- **Work item**:
Pick out each line of the records in which the word "Western" appears.

- Opening Delimiter -

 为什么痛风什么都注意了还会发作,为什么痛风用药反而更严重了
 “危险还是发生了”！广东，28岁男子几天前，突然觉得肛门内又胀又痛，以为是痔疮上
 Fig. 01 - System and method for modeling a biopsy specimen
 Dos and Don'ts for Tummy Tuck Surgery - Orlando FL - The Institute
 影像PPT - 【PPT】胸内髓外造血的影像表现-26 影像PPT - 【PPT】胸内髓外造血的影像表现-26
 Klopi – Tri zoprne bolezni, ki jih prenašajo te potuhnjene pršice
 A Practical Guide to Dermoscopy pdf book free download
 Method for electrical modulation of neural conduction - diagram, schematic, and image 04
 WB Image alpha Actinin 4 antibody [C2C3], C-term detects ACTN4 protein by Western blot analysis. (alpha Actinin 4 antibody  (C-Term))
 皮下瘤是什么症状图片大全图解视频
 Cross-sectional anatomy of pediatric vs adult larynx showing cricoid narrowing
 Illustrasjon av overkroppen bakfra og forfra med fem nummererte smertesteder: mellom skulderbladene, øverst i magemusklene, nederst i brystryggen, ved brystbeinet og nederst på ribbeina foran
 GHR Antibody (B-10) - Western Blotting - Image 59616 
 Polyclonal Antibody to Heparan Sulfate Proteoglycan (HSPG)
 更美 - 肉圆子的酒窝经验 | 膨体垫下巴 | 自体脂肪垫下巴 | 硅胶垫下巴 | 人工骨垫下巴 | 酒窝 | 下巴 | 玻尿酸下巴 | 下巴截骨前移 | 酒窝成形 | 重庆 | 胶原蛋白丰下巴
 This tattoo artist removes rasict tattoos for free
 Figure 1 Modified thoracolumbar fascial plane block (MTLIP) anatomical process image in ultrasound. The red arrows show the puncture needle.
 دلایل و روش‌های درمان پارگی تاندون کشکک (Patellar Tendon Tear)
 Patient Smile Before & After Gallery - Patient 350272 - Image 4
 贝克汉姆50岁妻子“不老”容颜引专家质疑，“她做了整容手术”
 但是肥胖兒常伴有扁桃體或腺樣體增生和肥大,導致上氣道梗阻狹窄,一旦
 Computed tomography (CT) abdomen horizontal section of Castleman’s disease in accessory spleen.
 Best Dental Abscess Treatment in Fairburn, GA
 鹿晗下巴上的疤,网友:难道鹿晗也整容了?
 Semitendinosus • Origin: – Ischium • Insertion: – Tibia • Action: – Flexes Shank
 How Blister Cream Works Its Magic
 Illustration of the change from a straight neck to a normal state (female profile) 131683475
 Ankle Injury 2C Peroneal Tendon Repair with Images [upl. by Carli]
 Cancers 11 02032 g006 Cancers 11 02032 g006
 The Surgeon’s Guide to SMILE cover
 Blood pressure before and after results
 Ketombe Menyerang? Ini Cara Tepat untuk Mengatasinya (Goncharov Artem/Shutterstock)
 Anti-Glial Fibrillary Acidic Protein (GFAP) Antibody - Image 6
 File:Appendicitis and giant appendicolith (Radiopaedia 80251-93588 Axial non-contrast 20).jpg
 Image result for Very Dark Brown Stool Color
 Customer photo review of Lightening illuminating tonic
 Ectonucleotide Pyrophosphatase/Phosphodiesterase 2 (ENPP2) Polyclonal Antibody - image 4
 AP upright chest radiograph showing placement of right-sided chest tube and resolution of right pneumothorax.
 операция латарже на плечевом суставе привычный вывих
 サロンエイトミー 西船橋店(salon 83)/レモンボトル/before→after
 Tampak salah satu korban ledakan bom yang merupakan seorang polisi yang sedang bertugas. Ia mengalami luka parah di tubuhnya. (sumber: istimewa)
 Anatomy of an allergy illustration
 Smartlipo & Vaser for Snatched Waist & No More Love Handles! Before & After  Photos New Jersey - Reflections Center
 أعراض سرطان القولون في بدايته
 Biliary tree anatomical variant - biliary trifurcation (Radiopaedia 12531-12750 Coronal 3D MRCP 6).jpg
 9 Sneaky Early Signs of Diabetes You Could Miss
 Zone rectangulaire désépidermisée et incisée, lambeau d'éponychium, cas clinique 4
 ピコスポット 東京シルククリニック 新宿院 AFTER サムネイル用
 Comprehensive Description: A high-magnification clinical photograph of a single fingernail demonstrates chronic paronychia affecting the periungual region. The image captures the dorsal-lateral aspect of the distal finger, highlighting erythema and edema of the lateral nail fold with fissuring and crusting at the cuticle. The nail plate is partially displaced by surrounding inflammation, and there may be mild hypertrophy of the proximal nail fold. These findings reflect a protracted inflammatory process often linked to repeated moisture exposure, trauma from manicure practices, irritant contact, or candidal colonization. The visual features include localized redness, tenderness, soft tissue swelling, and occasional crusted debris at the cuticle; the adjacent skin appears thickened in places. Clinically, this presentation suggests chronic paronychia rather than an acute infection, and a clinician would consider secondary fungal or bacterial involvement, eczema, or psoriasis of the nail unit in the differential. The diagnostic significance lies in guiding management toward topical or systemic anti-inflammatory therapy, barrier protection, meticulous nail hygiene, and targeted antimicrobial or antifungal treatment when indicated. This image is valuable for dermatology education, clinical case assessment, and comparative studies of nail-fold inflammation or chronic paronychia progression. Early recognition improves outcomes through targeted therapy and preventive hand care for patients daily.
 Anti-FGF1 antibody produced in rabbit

- Closing Delimiter -

- **Solution to this problem**:
 WB Image alpha Actinin 4 antibody [C2C3], C-term detects ACTN4 protein by Western blot analysis. (alpha Actinin 4 antibody  (C-Term))
 GHR Antibody (B-10) - Western Blotting - Image 59616 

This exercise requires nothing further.